Justin Trudeau Goes Into Self-Quarantine, Wife Tested for Coronavirus

Justin Trudeau Goes Into Self-Quarantine, Wife Tested for Coronavirus
Prime Minister Justin Trudeau and his wife Sophie Gregoire in Ottawa on Dec. 5, 2019. (The Canadian Press/Justin Tang)
Jack Phillips
3/12/2020
Updated:
3/13/2020

Canadian Prime Minister Justin Trudeau and his wife are in self−isolation over fears that they may have contracted the new coronavirus after his wife, Sophie Gregoire Trudeau, began showing flu-like symptoms.

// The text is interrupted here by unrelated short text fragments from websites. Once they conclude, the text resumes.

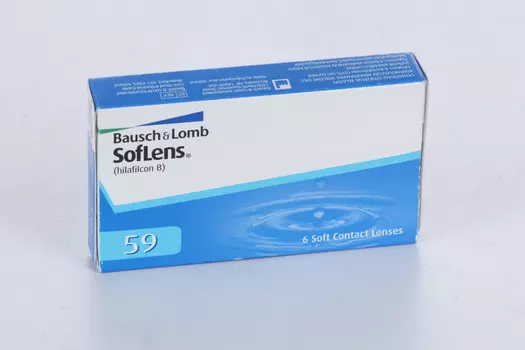 Линзы Bausch+Lomb SofLens 59 контактные R 8.6 (диоптрия -5,0), 6 шт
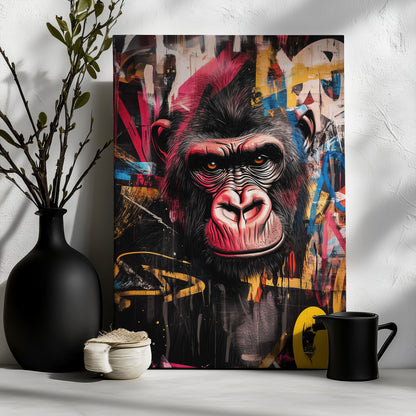 Pop Art Gorilla Abstract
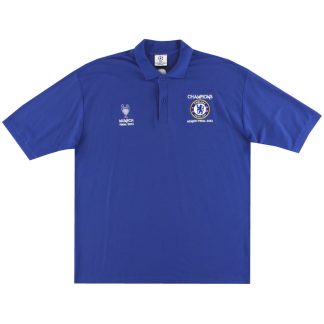 2012 Chelsea Champions League Polo Shirt XL - Chelsea / Excellent / XL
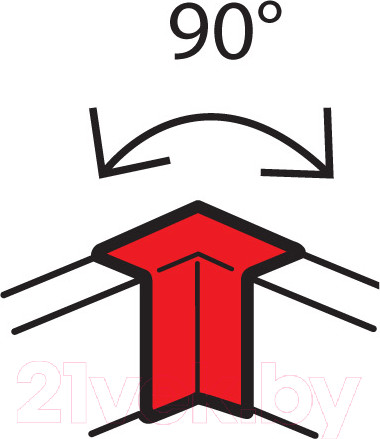 Изображение товара Угол внутренний для кабель-канала Legrand Metra 638011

“The prime minister will spend the day in briefings, phone calls and virtual meetings from home including speaking with other world leaders and joining the special COVID-19 cabinet committee discussion,” his office said in a statement. The move forced the cancelation of an in-person meeting with Canada’s first ministers.

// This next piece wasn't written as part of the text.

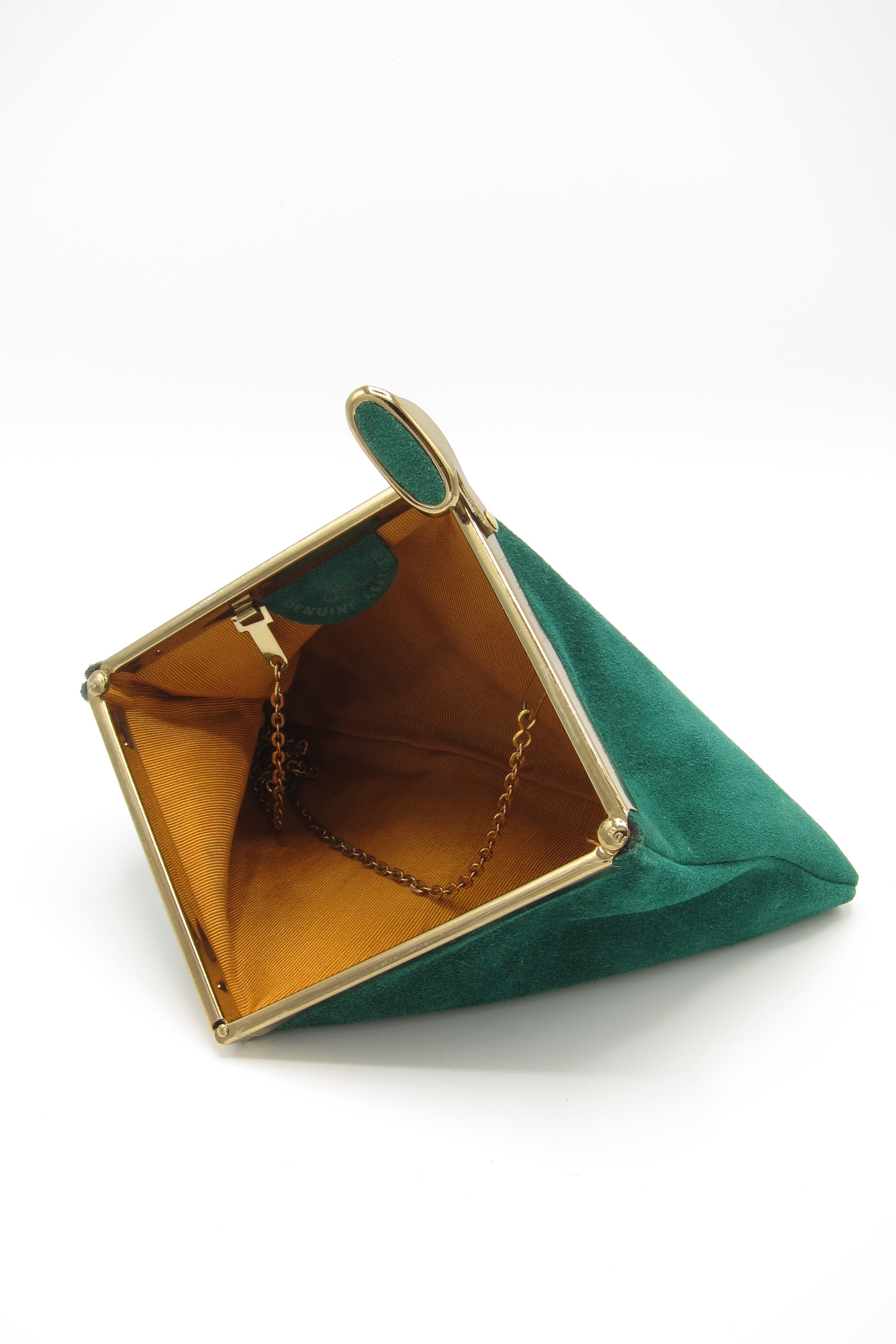 Wedge bag - Leaf green suede | penelopepenelope | Reviews on Judge.me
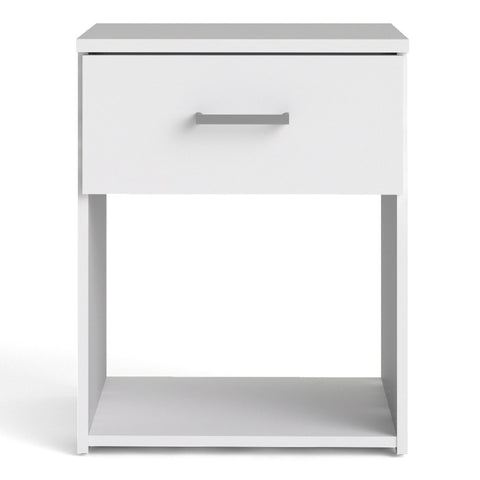 Space Bedside 1 Drawer in White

Sophie Gregoire Trudeau returned from a speaking event in the United Kingdom and started to show symptoms, including a fever last night.

She has been tested for the virus, which causes the disease COVID-19, but the results have not come back in, according to Trudeau’s office.

Clean up crews from Servpro gear up to go inside the Life Care Center of Kirkland, the long-term care facility linked to several confirmed coronavirus cases in Washington state on March 11, 2020. (Reuters/Karen Ducey)
Clean up crews from Servpro gear up to go inside the Life Care Center of Kirkland, the long-term care facility linked to several confirmed coronavirus cases in Washington state on March 11, 2020. (Reuters/Karen Ducey)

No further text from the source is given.